**Execute** the three code cells below before switching to presentation mode

In [1]:
from ipywidgets import Layout, interact, interactive, fixed, interact_manual, widgets
from IPython.display import display


In [2]:
import pandas as pd
from pprint import pprint

In [3]:
# to display a pair of subtokens to be merged in a slider
def get_pairs(pair:int):
    """
    pair: index of the pair. 
    """
    if pair>0:
        left, right = lines[pair].strip('\n').split(' ')
        print(f'{left} , {right}')
        
# to display token ids  in a slider
def display_token_id(id):
    token,id = vocab_sorted[id]
    print(f'id:{id} \t token:{token}')

<h1 style="color:Tomato;"> Dataset </h1>

In [4]:
from datasets import load_dataset

We will use the `bookcorpus` dataset to train a tokenizer. It may take about 15 minutes or more to download and generate the split for the first time.
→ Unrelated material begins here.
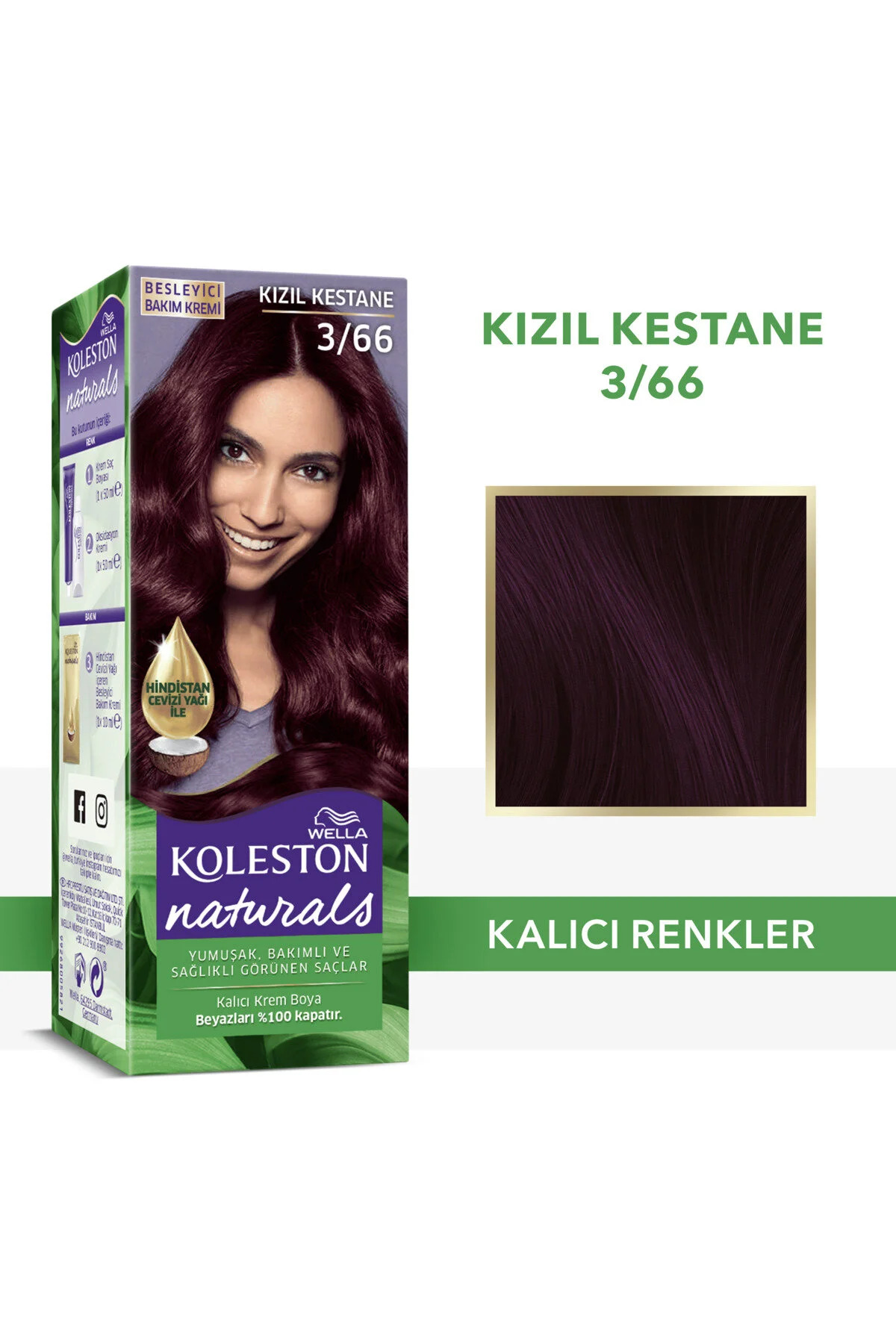 Wella Koleston Naturals 3/66 Kızıl Kestane Saç Boyası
It requires approximately 5 GB of memory to load the dataset. Please ensure you have sufficient memory available. If not, consider loading only a fraction of the dataset.

In [5]:
ds = load_dataset('bookcorpus',split='all')
pprint(ds)

Dataset({
    features: ['text'],
    num_rows: 74004228
})


The dataset contains 74 million sentences of varying lengths.

The length of sentences does not affect the training of a tokenizer.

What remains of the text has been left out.